The national unemployment has reached a staggering 10.2% with the State of California leading at 12%. The hardest hit industries include construction, manufacturing, and retail jobs. With green jobs on the rise these distressed industries need to seize the opportunity and overall benefits presented through sustainability.  The problem lies in the availability of green education and training.  Specifically, green education is often inaccessible and expensive to the middle class; a vulnerable sector of society burdened by the economic crisis.  There is no question that job opportunities are limited and the creation of a green job sector could ameliorate unemployment rates.  However, green jobs can only have a widespread economic impact if job training is available to those currently unemployed as well as students entering training programs. Jobs like wind turbine technicians, solar installers, green building consultants, and green interior designers are examples of technical jobs that can be taught in 18 months or less.
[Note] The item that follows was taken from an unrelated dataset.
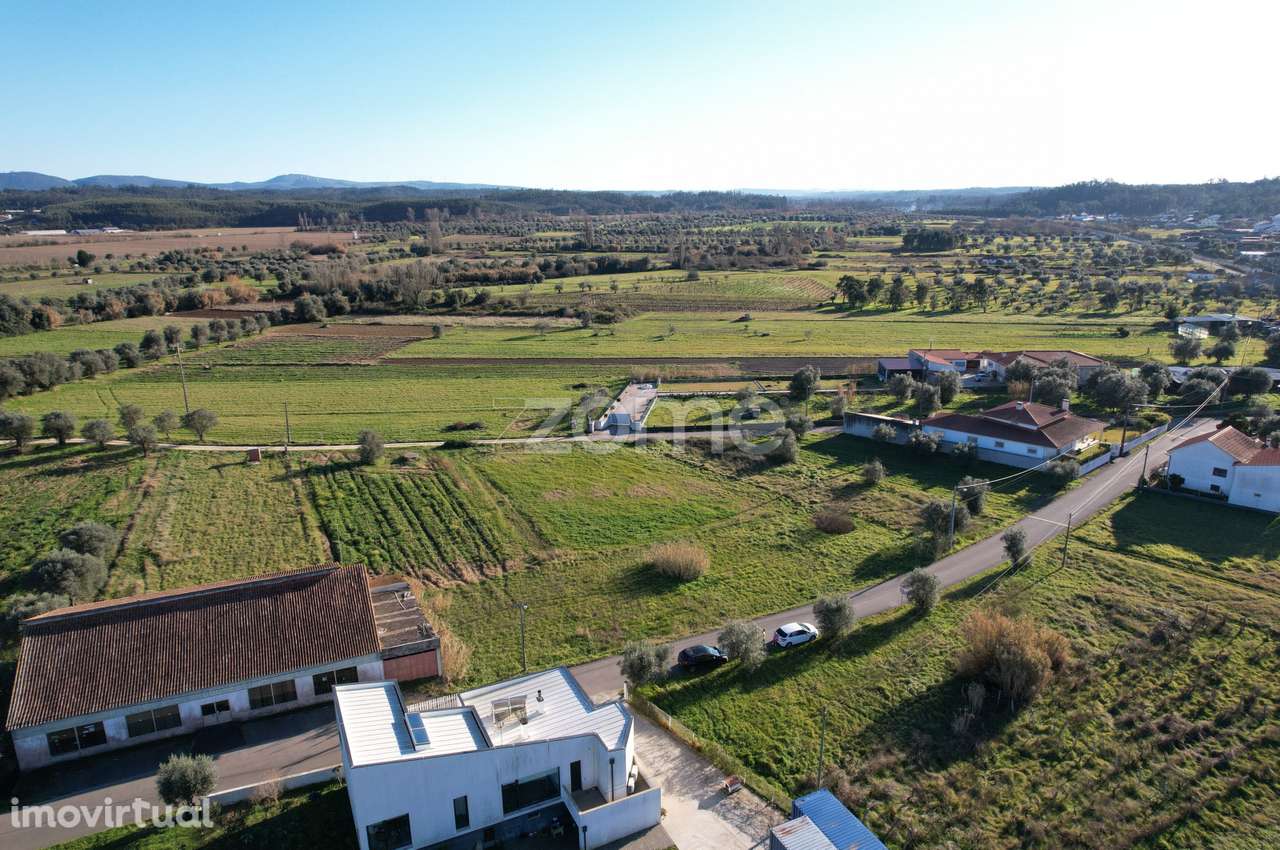 Terreno | 830 m2 | Sobral | Soure - Grande imagem: 3/16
Van Jones, head of the nonprofit, Green For All, recently said, "We need to go from talking about green as a lifestyle choice, and make it an economic choice. We need eco-populism, not eco-elitism." With many blue collar jobs being outsourced to countries like India, blue collar workers are the future labor pool for green collar jobs. The focus now should be on the transition, not only to a more green economy, but to education and training programs with sustainability as its focus.

November 18, 2009
Joseph Blanco and De'Aundri Abbott

What is Green Economics?

RESCUE Green Blog
Economists are not ecologists and ecologists are not economists.  The same can be said for policy makers.  Neither economists nor policy makers have studied the principles of ecology, nor integrate these principals into their work.  Can we expect economists and policy makers to keep the environment in mind when making decisions concerning business actions and legislation?
Green economics integrates these professions as well as social and ecological values into the market.  According to Brian Melani green economics, "is the economics of the real world-the world of work, human needs, the Earth's materials, and how they mesh together most harmoniously."  As its goal, green (or ecological) economics seeks to integrate our economic thinking with our physical being and everything which surrounds us.  Simply it aims to restructure our economic design and promote the coexistence between our actions and ecological systems.  Essentially, it is the idea that humans and our economies are part of a larger natural ecosystem. (Stephan Farber).

Read the full article at the RESCUE Green Blog and join the discussion by posting comments!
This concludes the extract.